SUNNİ ULEMALAR DA KATILDI: Türkiye’nin her tarafında binlerce toplantı yaptık. Avrupa’nın hemen her ülkesinde seminerler, sempozyumlar düzenledik. Bu toplantılarımıza Sünni kesimden ulemalar da katıldı. Bunlardan biri
eski Diyanet İşleri Başkanlarımızdan ve Devlet eski Bakanlarımızdan Lütfi Doğan beyefendidir. Bir diğeri Prof. Dr. Yaşar Nuri Öztürk beyefendidir. Nereye gittiysek bizimle beraber oldular. Yanımızda durdular.İslam’da bir tek Sünni yorumunun olmadığını, Anadolu İslam’ının özünde Alevi kültürünün olduğunu söylediler. Bazı konularda bizlerden de iyi ilahiyatçılar olarak sözlerini sakınmadılar. Sünni kardeşlerimizin tahrik edilerek bu toplantılarda münferit de olsa, düşük ihtimal de olsa problem çıkmasını söylemleriyle, varlıklarıyla önlediler.

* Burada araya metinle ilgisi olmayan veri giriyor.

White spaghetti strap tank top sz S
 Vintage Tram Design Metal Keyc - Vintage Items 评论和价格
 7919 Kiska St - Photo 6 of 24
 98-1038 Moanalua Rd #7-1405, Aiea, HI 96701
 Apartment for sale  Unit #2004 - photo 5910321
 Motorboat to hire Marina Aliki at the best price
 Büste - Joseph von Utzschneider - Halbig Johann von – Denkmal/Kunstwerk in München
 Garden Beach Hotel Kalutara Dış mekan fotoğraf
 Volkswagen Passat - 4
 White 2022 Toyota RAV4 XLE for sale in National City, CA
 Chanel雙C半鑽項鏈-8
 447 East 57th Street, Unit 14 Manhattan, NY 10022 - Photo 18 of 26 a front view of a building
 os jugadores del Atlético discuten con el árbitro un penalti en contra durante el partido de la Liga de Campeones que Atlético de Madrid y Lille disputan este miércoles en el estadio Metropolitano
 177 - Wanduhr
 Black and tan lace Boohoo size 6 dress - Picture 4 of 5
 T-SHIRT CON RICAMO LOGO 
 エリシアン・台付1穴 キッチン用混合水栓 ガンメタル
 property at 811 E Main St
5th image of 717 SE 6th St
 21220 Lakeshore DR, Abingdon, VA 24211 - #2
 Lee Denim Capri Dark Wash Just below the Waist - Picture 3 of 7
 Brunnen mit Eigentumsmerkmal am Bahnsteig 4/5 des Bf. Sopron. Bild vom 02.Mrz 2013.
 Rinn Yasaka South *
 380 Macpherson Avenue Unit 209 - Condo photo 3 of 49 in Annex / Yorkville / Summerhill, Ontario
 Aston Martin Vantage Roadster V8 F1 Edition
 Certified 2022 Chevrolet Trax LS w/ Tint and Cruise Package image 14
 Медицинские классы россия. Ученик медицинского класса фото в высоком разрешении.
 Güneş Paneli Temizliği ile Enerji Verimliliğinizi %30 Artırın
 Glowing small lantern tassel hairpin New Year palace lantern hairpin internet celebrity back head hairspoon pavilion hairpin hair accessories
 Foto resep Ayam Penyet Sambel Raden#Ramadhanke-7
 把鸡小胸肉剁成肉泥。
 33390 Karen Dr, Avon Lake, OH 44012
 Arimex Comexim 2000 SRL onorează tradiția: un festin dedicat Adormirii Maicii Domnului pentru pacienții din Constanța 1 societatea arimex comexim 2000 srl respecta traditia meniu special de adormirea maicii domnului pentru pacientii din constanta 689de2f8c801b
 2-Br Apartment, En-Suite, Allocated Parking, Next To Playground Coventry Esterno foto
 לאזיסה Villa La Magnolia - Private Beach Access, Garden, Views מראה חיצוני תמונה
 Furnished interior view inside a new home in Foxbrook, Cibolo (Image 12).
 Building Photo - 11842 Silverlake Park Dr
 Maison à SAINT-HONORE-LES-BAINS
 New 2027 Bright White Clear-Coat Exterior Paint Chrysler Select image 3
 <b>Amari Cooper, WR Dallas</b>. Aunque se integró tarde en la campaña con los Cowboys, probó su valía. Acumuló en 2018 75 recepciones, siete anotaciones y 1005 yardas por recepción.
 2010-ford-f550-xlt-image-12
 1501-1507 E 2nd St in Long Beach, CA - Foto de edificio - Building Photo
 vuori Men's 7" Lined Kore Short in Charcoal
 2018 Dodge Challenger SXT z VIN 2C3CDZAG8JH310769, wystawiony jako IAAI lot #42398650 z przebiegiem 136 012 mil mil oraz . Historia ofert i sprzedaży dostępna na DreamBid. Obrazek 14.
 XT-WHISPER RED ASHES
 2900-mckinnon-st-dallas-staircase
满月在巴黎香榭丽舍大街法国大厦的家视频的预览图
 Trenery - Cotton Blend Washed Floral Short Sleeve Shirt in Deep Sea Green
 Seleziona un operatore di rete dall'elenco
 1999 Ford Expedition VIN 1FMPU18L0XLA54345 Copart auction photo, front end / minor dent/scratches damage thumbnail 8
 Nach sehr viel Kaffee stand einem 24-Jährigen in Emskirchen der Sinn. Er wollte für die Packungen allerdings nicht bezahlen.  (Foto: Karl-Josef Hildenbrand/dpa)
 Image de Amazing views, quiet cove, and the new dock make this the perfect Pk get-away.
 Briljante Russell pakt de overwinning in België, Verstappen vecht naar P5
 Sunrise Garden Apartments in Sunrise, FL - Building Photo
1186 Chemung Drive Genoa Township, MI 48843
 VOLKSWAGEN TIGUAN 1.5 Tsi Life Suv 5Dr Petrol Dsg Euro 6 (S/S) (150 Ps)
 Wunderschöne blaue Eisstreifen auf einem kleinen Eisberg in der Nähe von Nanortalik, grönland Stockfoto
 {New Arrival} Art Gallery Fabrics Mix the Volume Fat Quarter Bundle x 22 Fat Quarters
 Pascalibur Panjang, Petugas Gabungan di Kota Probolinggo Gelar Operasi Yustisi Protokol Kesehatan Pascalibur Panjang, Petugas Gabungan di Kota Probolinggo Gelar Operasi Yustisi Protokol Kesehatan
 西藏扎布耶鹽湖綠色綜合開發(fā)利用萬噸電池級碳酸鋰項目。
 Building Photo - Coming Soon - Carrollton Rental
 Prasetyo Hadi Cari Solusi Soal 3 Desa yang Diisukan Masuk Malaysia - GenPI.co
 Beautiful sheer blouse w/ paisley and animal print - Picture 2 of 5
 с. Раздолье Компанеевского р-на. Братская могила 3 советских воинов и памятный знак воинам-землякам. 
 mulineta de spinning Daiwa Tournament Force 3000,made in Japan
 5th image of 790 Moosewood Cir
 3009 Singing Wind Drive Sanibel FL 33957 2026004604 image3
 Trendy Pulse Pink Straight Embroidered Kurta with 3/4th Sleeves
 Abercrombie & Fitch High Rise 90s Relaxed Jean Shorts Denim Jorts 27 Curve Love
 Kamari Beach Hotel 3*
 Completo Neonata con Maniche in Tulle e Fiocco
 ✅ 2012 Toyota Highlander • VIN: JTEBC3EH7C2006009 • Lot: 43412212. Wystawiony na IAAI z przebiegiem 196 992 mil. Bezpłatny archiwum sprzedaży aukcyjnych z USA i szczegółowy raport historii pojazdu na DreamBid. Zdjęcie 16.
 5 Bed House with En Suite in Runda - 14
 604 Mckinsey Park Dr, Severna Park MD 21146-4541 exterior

MÜFTÜLER DESTEK VERDİ: Sünni aydın kesimden destekler oldu. Özellikle Erzincan’da, Malatya’da, Sivas’ta gördük. Sivas ve Erzincan’da vakfın ve cemevlerimizin temellerini attığımızda ilk bağışları müftüler yaptı. Hiç tevazu göstermeye gerek yok. Var olma mücadelemizi zaferle sonuçlandırdık. Bu kadar uzun süreli bir mücadeleyi, 25-30 milyon insanın düşünce ve inanç özgürlüğünü, kendi iç dünyasının bağımsızlığa ulaşması hareketini büyük emeklerle ama hiç kimsenin burnunu kanatmadan, ihtilafa meydan vermeden yürüttük. Bu son 30 yılda devletin yönetiminde bulunan insanların çoğuyla tanışma fırsatım oldu. Şunu gördüm. Çoğu iktidar sahibi Türkiye'nin bu önemli meselelerine ya vakıf değildiler ya da umursamadılar.